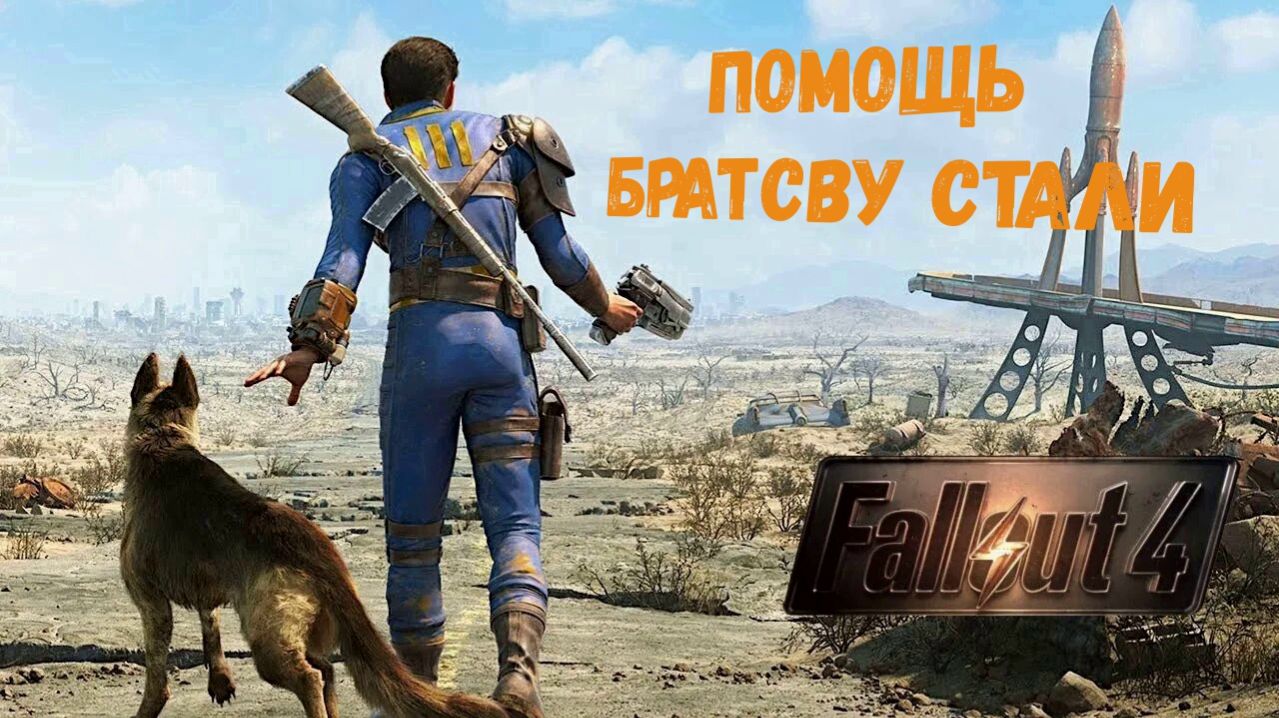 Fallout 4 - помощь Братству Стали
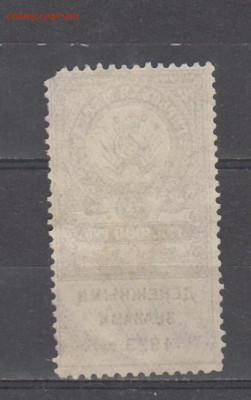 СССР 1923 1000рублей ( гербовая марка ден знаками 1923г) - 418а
...
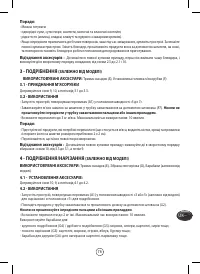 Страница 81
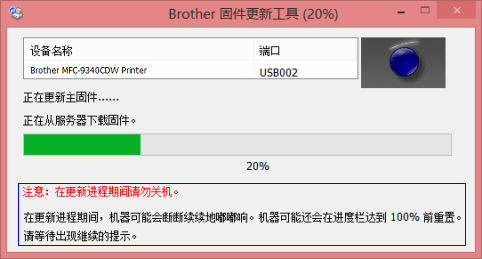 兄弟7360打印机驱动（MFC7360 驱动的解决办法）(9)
---
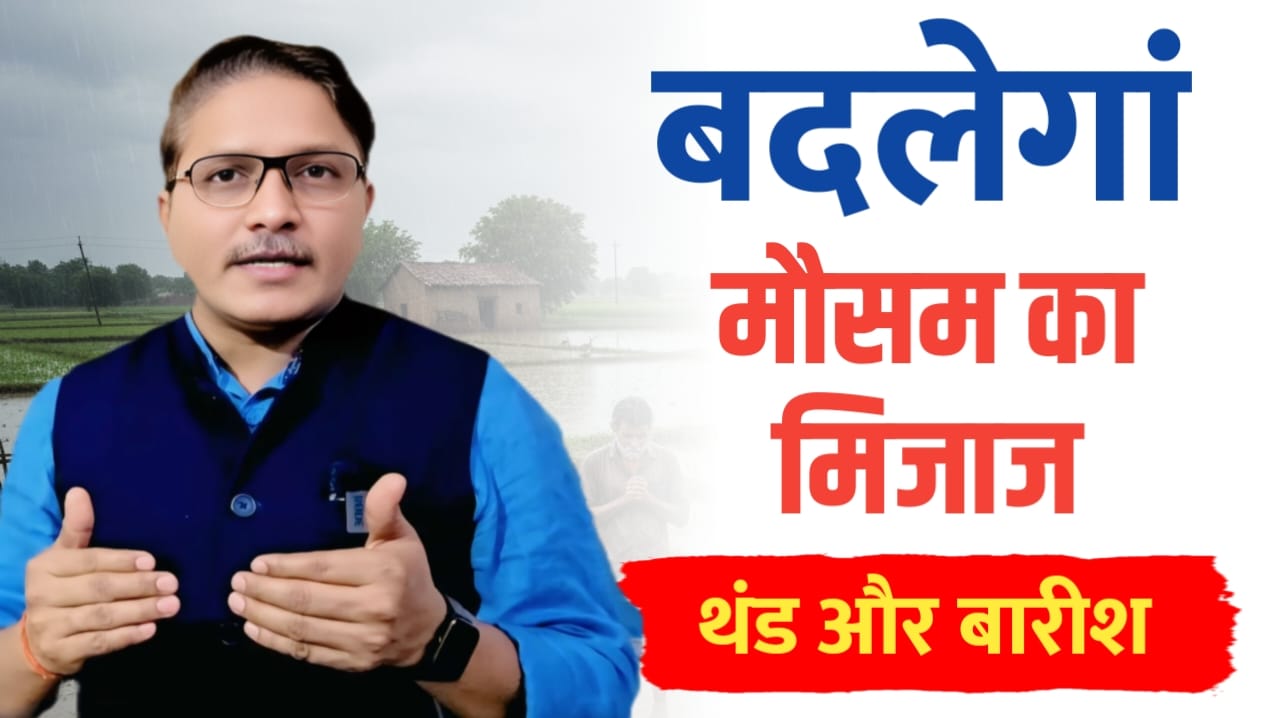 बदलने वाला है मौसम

→ **WORK INSTRUCTIONS**
From the records above, copy exactly the stretch from the line holding "Fallout 4 - помощь Братству Стали" through the line holding "СССР 1923 1000рублей", both ends included, without the pictures.

→ **RESULT**
 Fallout 4 - помощь Братству Стали
 СССР 1923 1000рублей ( гербовая марка ден знаками 1923г) - 418а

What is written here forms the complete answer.